*** Begin section ***

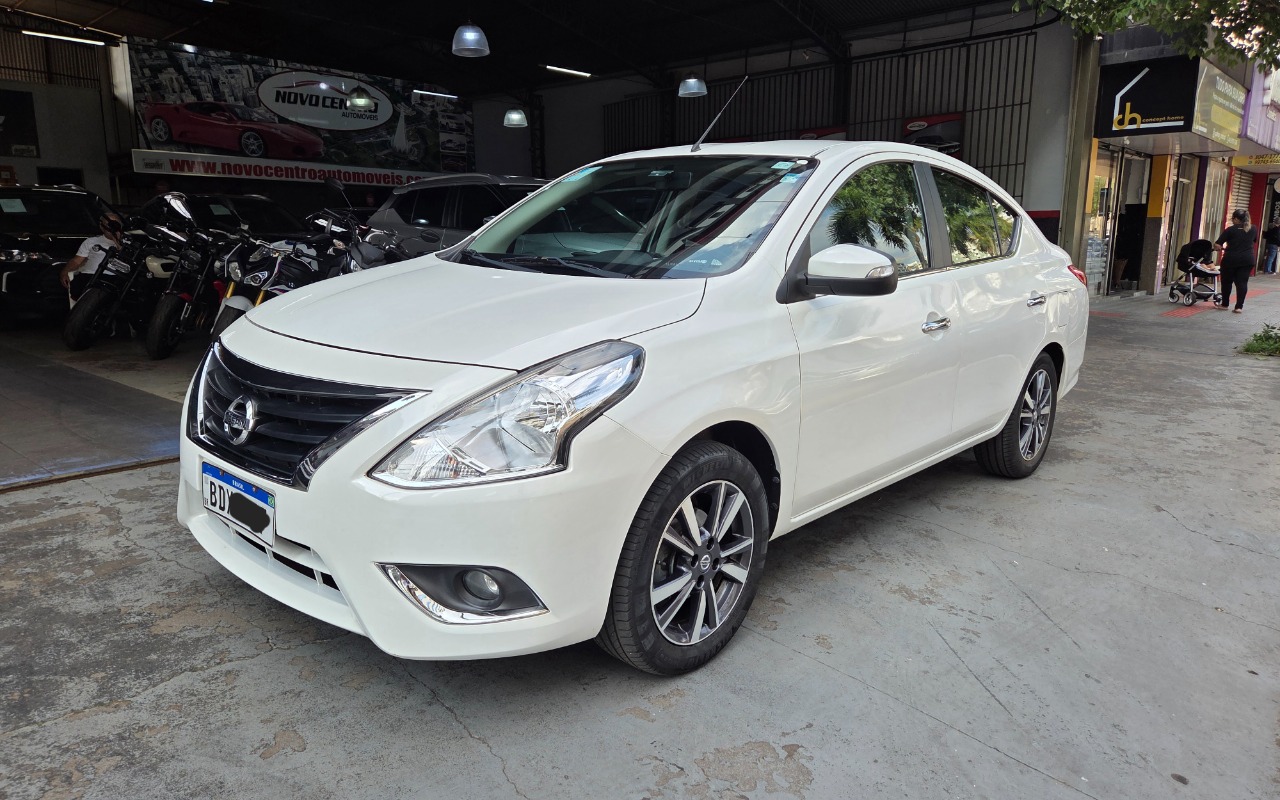 Nissan VERSA 2020 Branco — foto 1 de 3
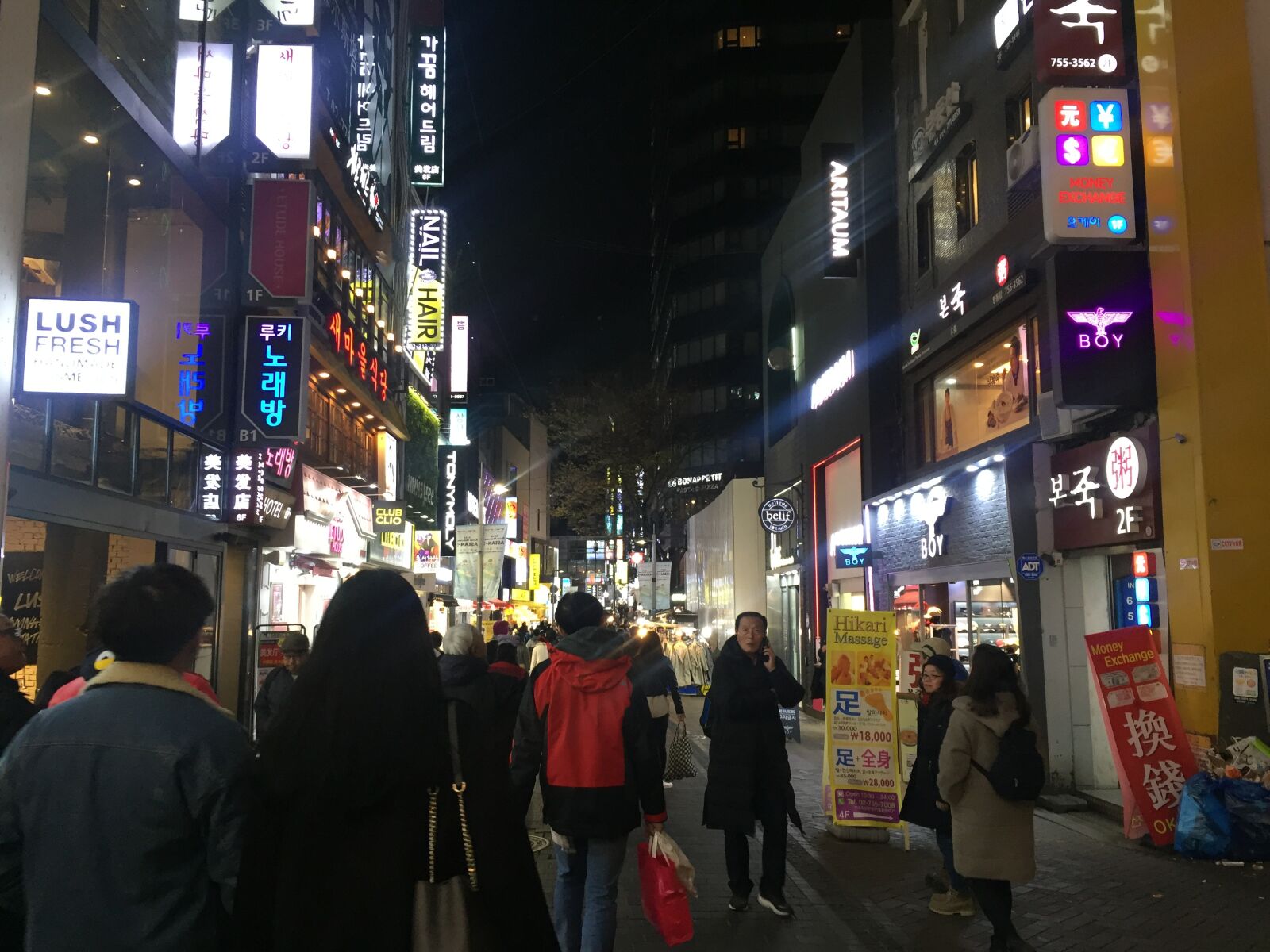 iPhone 6 back camera 4.15mm f/2.2 sample photo. South korea, seoul, kpop photography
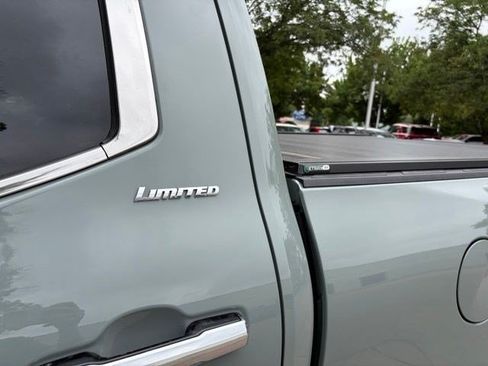 Used 2024 Toyota Tundra Limited AWD/4WD image 11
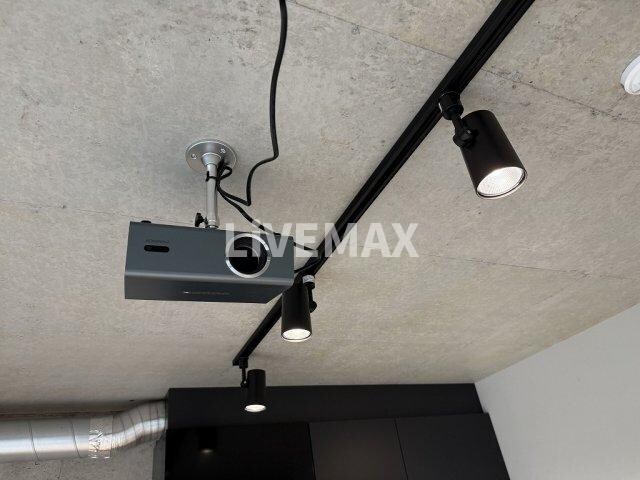 物件内観写真24　(プロジェクター)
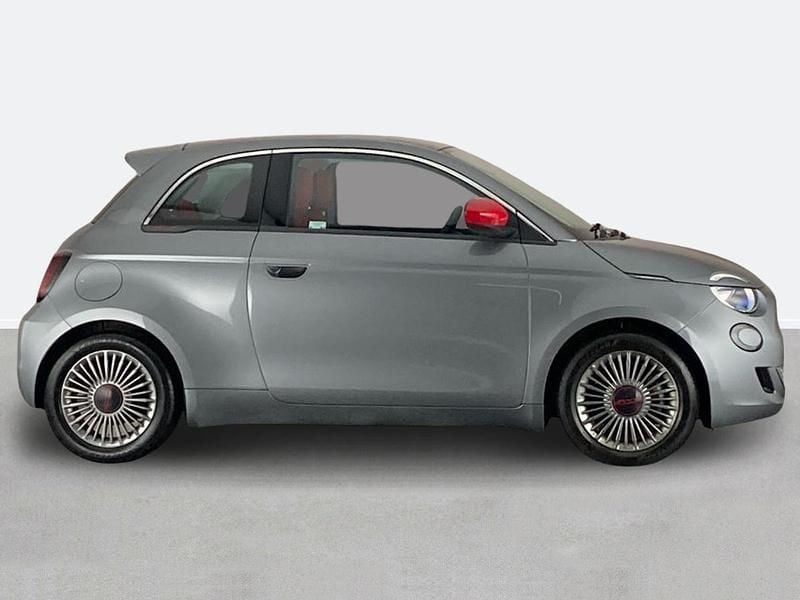 Used Fiat 500e Red 86 kW (118 HP) 2022 Grey Hatchback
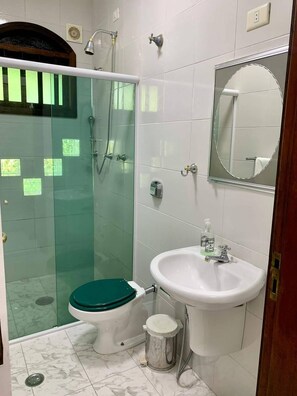 Dusch, tvål och toalettpapper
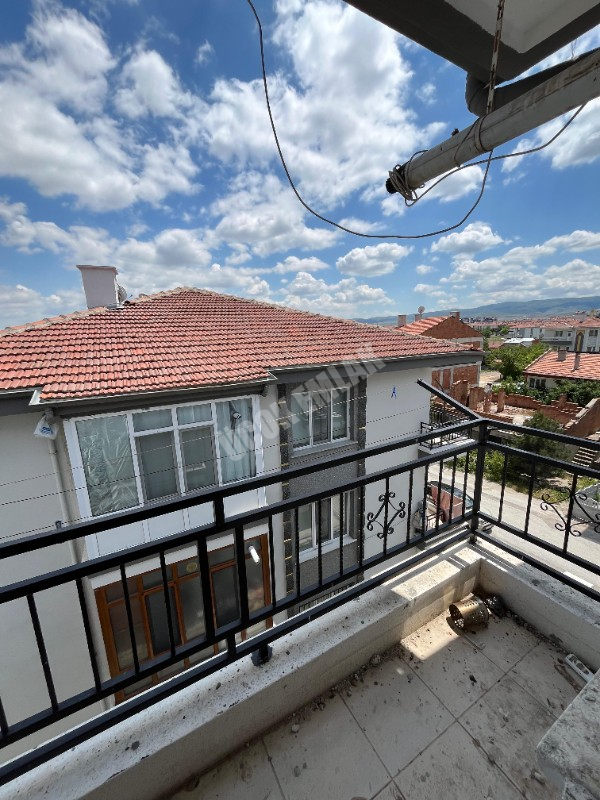 AFYON ÜÇOK EMLAKTAN FATİH MAH KİRALIK 3+1 EŞYALI DAİRE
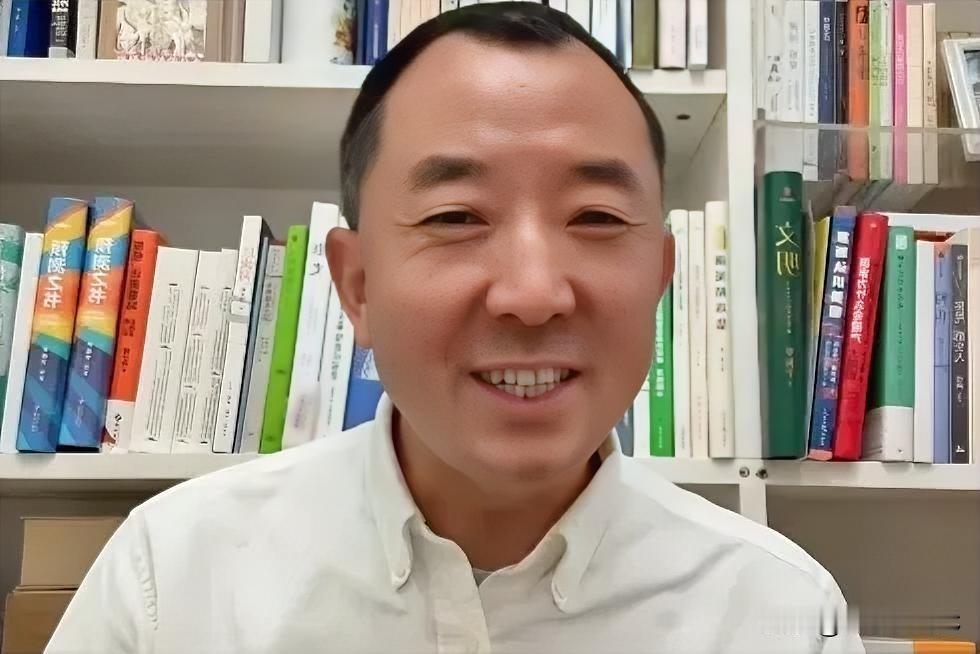 陈行甲声明：完成交棒之后，将不再从公益基金会领取薪水；此前因年薪超70万元引发争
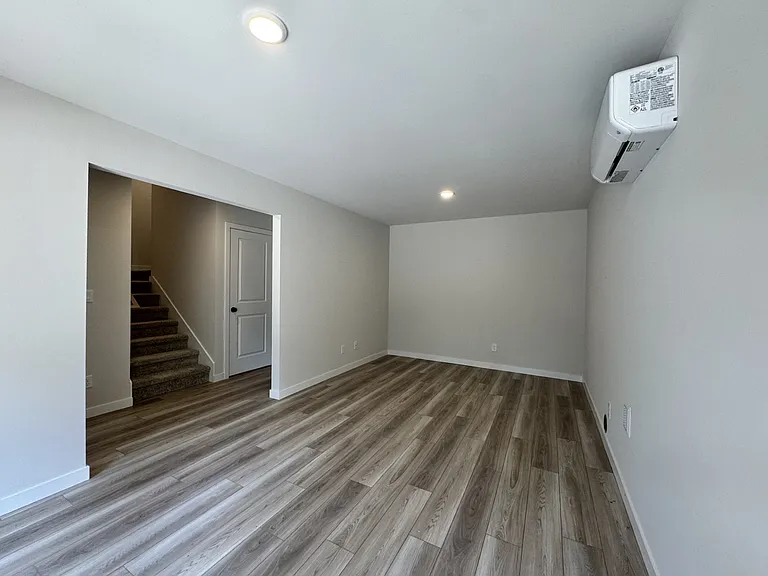4255 Aberdeen Way NE — Photo 28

*** End section ***

*What you should do*
The records above need to be copied exactly, with the pictures left out.

*Result of this task*
 Nissan VERSA 2020 Branco — foto 1 de 3
 iPhone 6 back camera 4.15mm f/2.2 sample photo. South korea, seoul, kpop photography
 Used 2024 Toyota Tundra Limited AWD/4WD image 11
 物件内観写真24　(プロジェクター)
 Used Fiat 500e Red 86 kW (118 HP) 2022 Grey Hatchback
 Dusch, tvål och toalettpapper
 AFYON ÜÇOK EMLAKTAN FATİH MAH KİRALIK 3+1 EŞYALI DAİRE
 陈行甲声明：完成交棒之后，将不再从公益基金会领取薪水；此前因年薪超70万元引发争
4255 Aberdeen Way NE — Photo 28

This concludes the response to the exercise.